Ama işimiz tam bitmemişti: Bir ay kadar sonra, gazete politikası ile ilgili konularda oy kullanmaktan başka iş yapmamak niyetindeki (yani gönüllü üretici personele "icrai" emirler verecek) bir "Yayım Komitesi" ile tanıştırıldım. İlk şoku onların tavsiyelerini kibarca dinleyip, kendi bildiğimi her zamanki gibi uyguladığımda yaşadılar. Daha da kötüsü: Ekibimin bir parçası olarak onlara da görev verdim. Neredeyse tamamı anında ilgilerini kaybetti. (Diğer insanlara patronluk taslamak eğlenceli görünmüş olmalı, gerçek iş yapmak değil.)
Konu şu, her şeye oy kullanma dürtüsü, gerekli işi yapma isteğine en iyi ihtimalle dik kalabilir. En kötüsü, ilkinin, ikincisinde diğer insanların performanslarına karışmak için bir mazeret olarak
kullanılabilmesidir.
Toparlamak gerekirse: Sizi mutlu edecek tüm "demokrasi"ye sahip olun ama önemli olan kilit gönüllülerinizi hoş tutmaktır. (Candide'den alıntı, "Bahçelerimizi işlemeliyiz.")

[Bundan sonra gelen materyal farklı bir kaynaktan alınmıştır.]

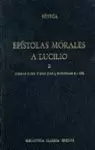 EPISTOLAS MORALES A LUCILIO II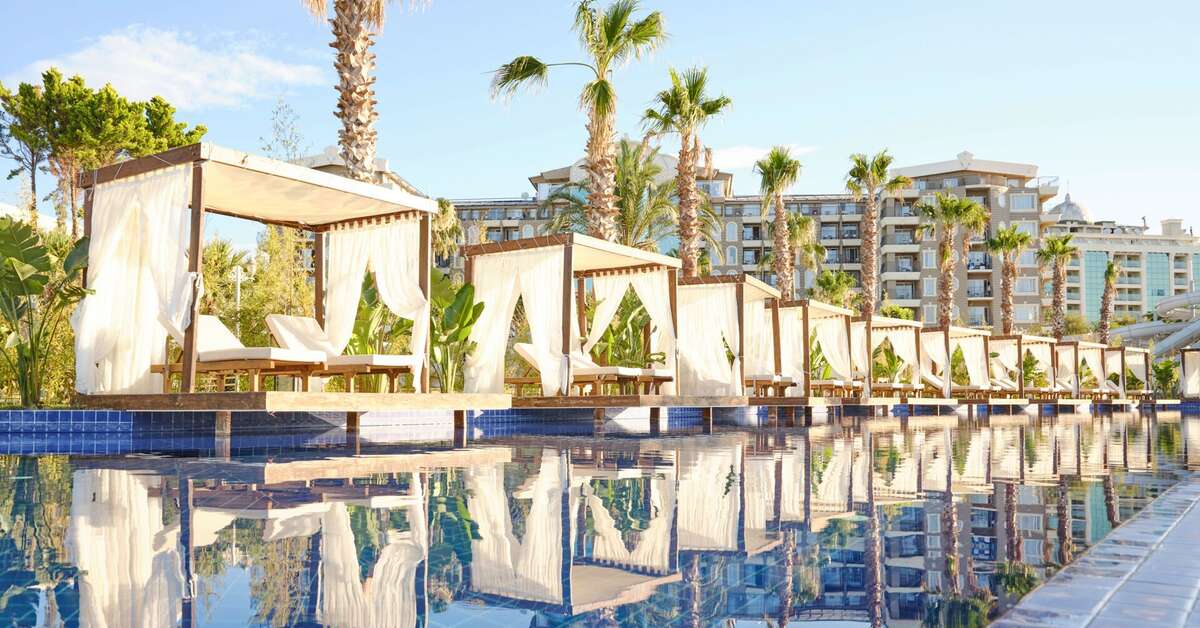 Een foto van het zwembad bij Laur Hotels Experience & Elegance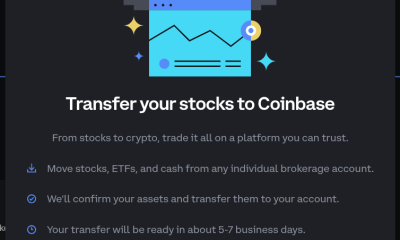 Coinbase Adds ACATS Stock Transfers in Push Beyond Crypto
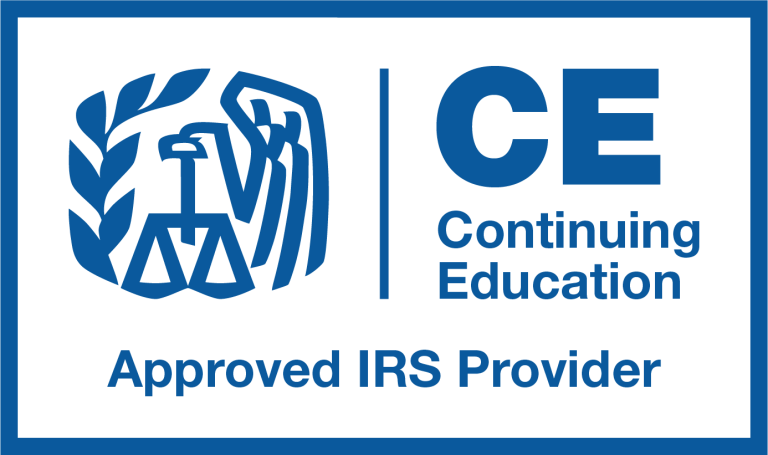 IRS Approved Continuing Education Provider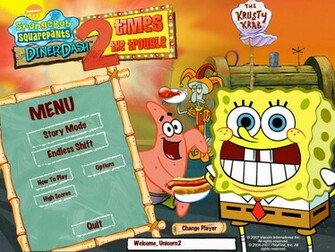 Gambar Spongebob Dan Wallpaper Wajah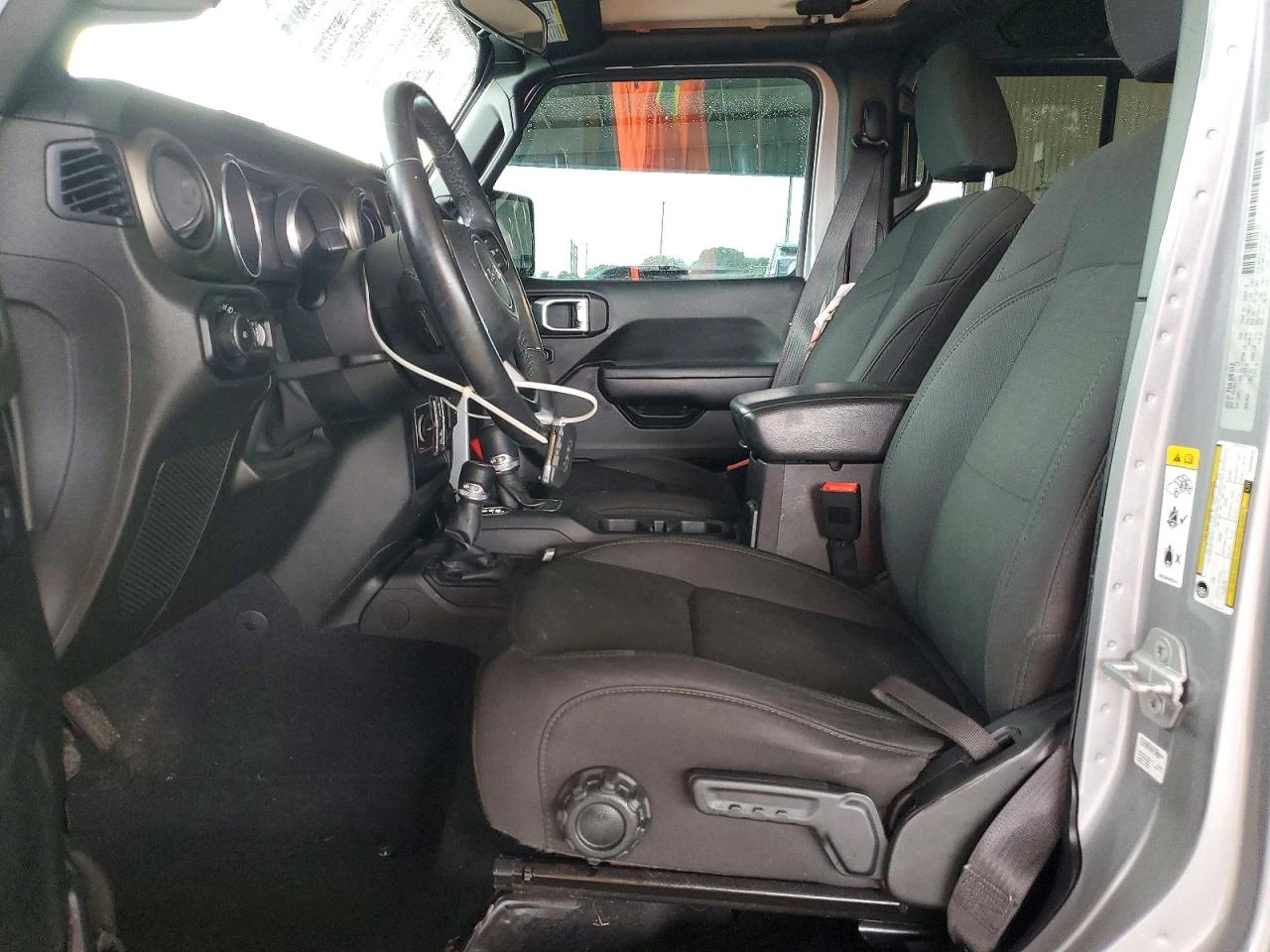 Jeep Wrangler 3.6* UNLIMITED SPORT* РЕАЛНИ КМ, снимка 8 - Автомобили и джипове - 53749539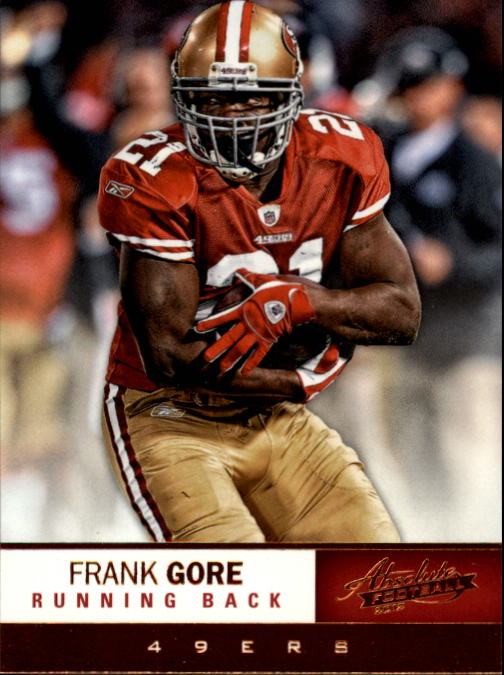 2012 Absolute Retail #80 Frank Gore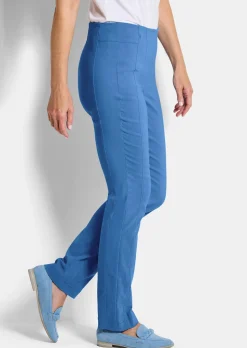 Pantalon en bengaline CARLA, facile d'entretien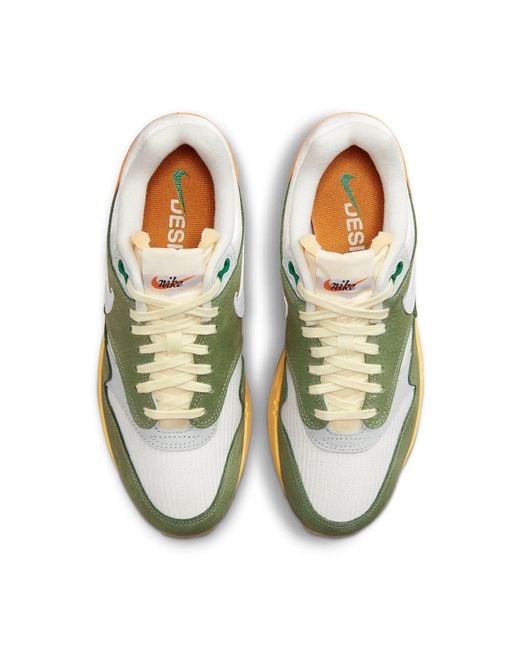 Nike White (Wmns) Air Max 1 'Design By Japan'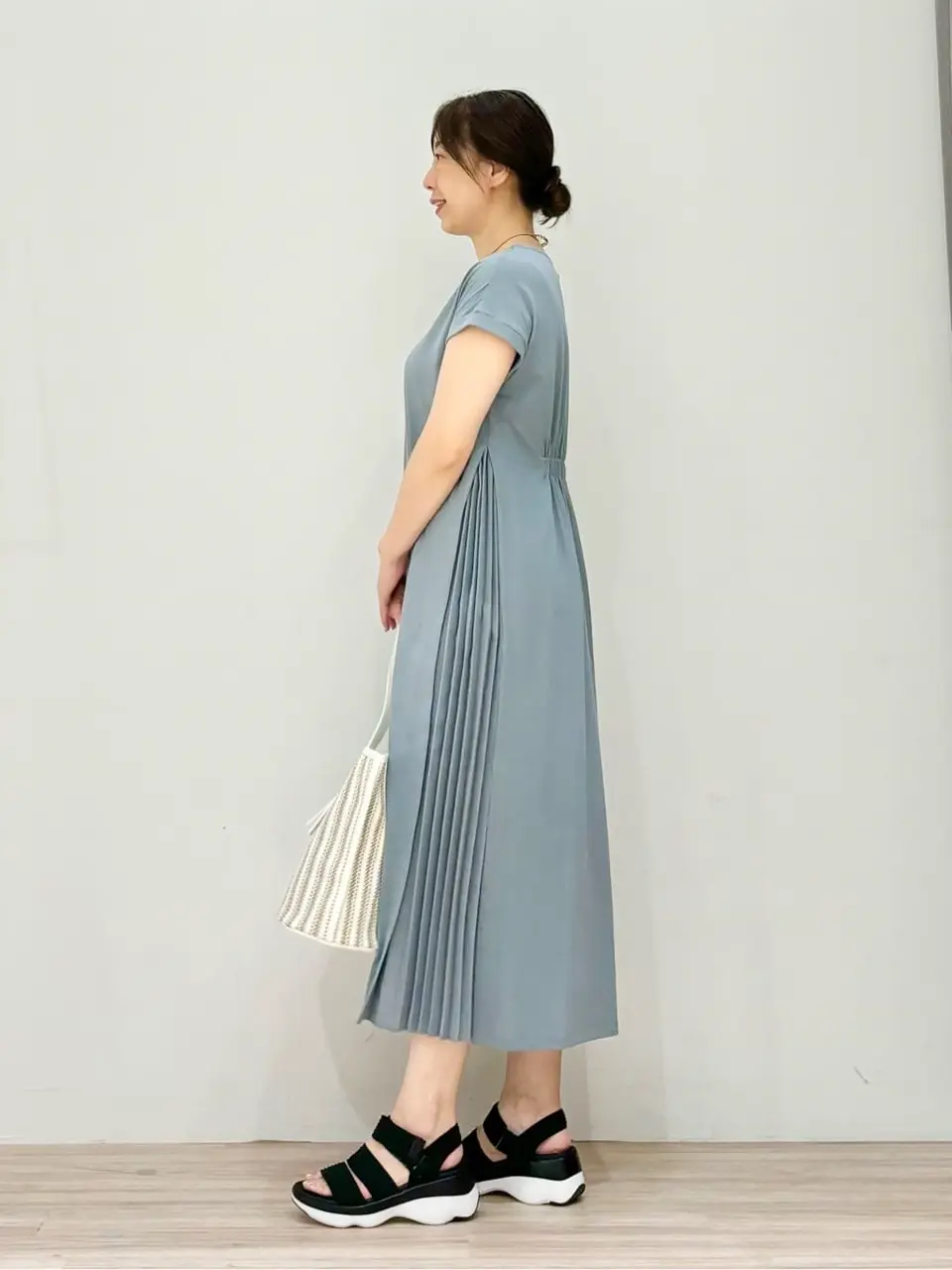 ONWARD CROSSET SELECT SAKAI コーディネート画像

Son olarak, yedeğinizi tasarlayın: Eğer LKG'niz bir öğrenci topluluğu ise ve her sene onaylanmak için bir sürü evrak peşinde koşmak zorundaysa bunun ve diğer tüm hayati işlemlerin belgelenmiş olmasına, böylece yeni LKG yöneticilerinin her şeyi en baştan keşfetmek zorunda kalmamalarına
imkan sağlayın. Olayı sistem mühendisliği sorunu gibi ele alın: hata noktalarını
yok etmeye çalışmaktasınız.
Ve komşu kasabadakiler için işe yarayan size uygun olmayabilir: Sürpriz! Bu bulmacanın çözümleri halen aranmaktadır. Bu yüzden, deneyin ve sizin için neyin işe yaradığını bana iletin, böylece ben de başkalarına iletebileyim. Eğlenceniz bol olsun!